Patients attending an asthma clinic whose symptoms are not controlled by standard treatment will be assessed for airway inflammation using fractional exhaled nitric oxide, and sputum analysis. These subjects will be observed taking their medication to determine if this reduces their level of airway inflammation. Prescription records will be used to ascertain if this test distinguishes those who are non-adherent with their treatment from those adults who have severe asthma.
Identifying patients who are non-adherent to treatment will allow an appropriate change in management and enable alternative strategies to be developed to tackle non-adherence in this population. Distinguishing patients who are adherent to treatment but have therapy resistant disease would significantly improve treatment effectiveness in this group by allowing these patients to be suitably targeted with expensive novel therapies such as Omalizumab.
Full description
Hypothesis:
In a difficult asthma population, a significant reduction in fractional exhaled nitric oxide (FeNO) or sputum eosinophils after a directly observed inhaled steroid challenge will distinguish non-adherent subjects from subjects with refractory asthma.
Study Design The study will consist of two phases.
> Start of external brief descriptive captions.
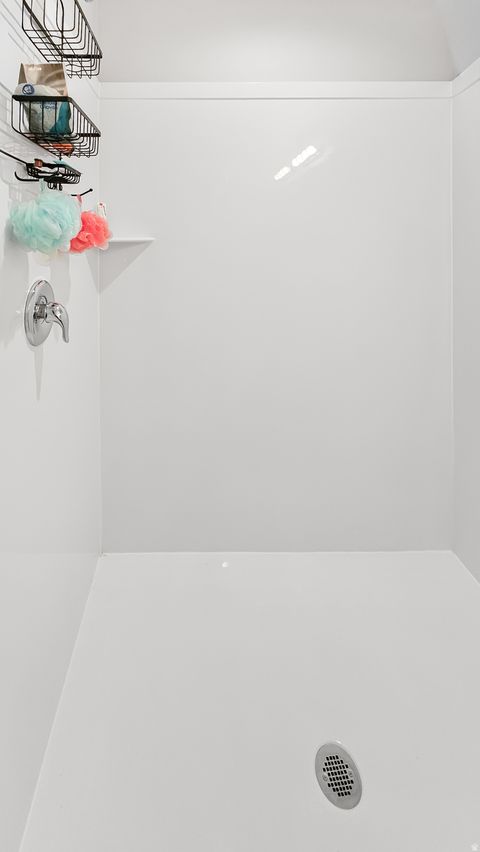 Tiny photo for 638 N OLD FORT DR, Spanish Fork, UT 84660 (MLS # 2133221)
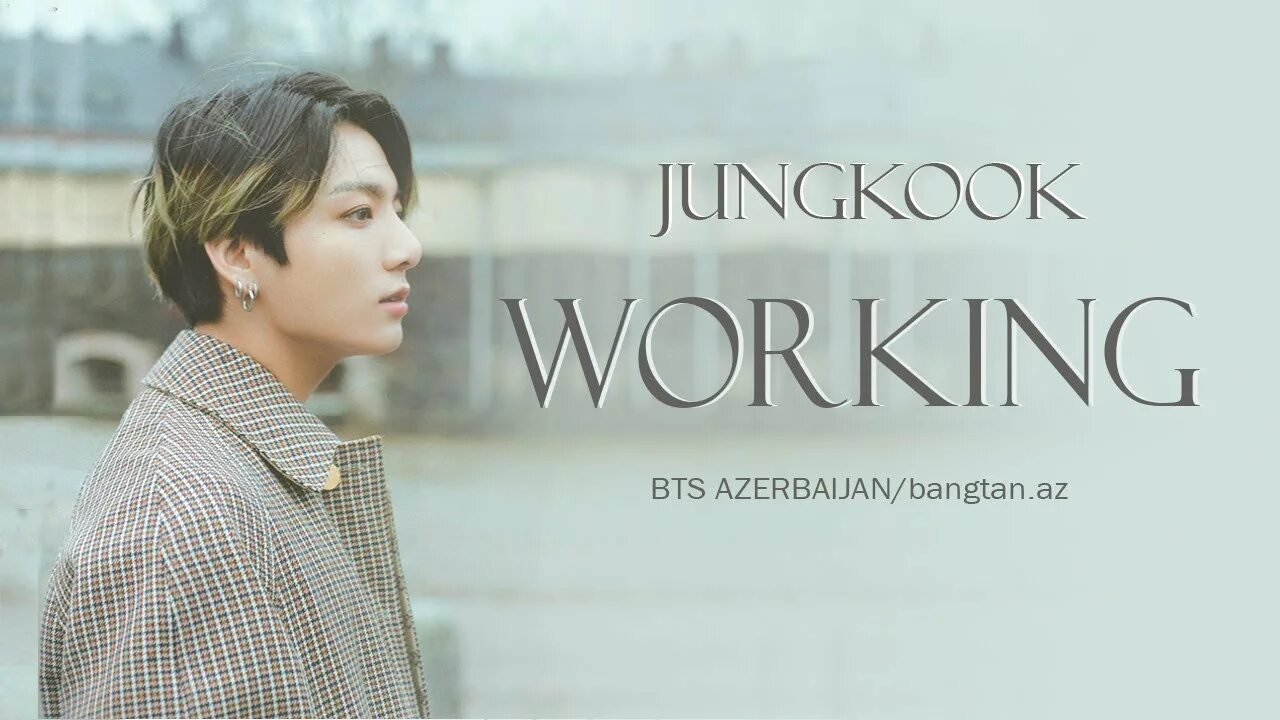 Песня чонгука без цензуры. Jungkook working. Working Jungkook обложка. Working - Jungkook (Yanghwa BRDG Cover) 27.09.2014. Golden Jungkook обложка.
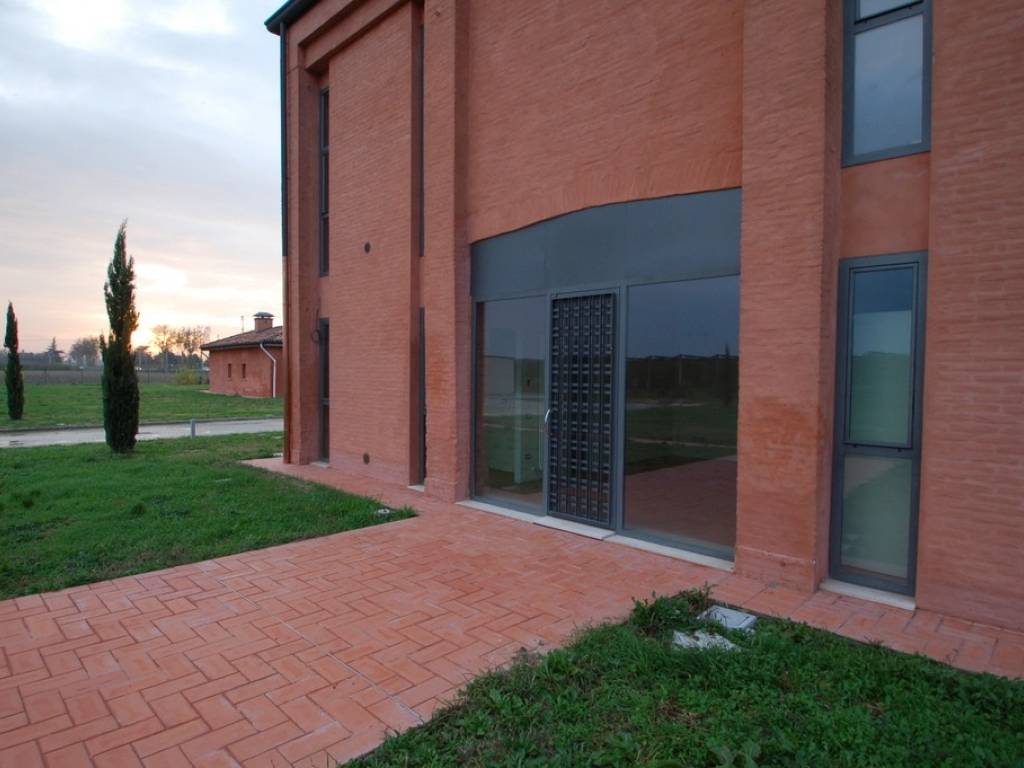 Appartamento a Ferrara in Via Copparo, 188 - Foto 3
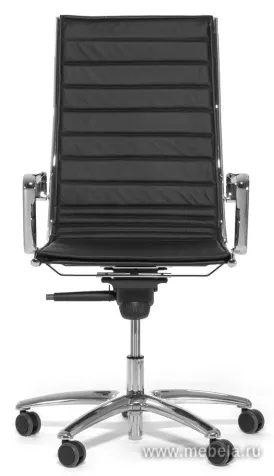 кресло Лайт A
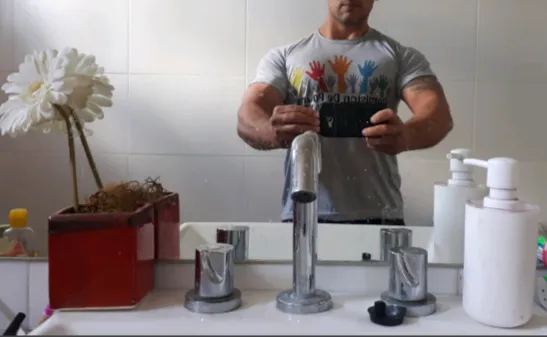 OnlyFans cuenta u172584732 header 2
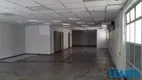 Foto 12 de Ponto Comercial com 1 Quarto à venda, 250m² em Móoca, São Paulo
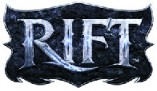 Rift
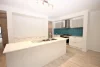 80 Empress Boulevard, Ocean Grove, Vic 3226-Image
The development phase will identify the response of FeNO / sputum eosinophils after directly observed inhaled steroid challenge, in non-adherent subjects and define cut-off values for a positive and negative test and identify the optimum length of steroid challenge. The validation phase will trial and validate the test in a 'real life' clinical setting.
Phase 1 - Development Phase
During this phase, two groups will be studied:
On Day 0, subjects will have a FeNO measurement will be repeated, perform induced sputum and complete an asthma control questionnaire. After inhaler technique is deemed satisfactory, all subjects will be directly observed taking 1600μg of inhaled budesonide via Turbohaler (or bioequivalent dose of Budesonide via MDI / spacer). On the next 6 days, the investigator will visit the subjects and perform FeNO measurements, followed by directly observed inhalation of 1600 μg of inhaled budesonide via appropriate inhaler device.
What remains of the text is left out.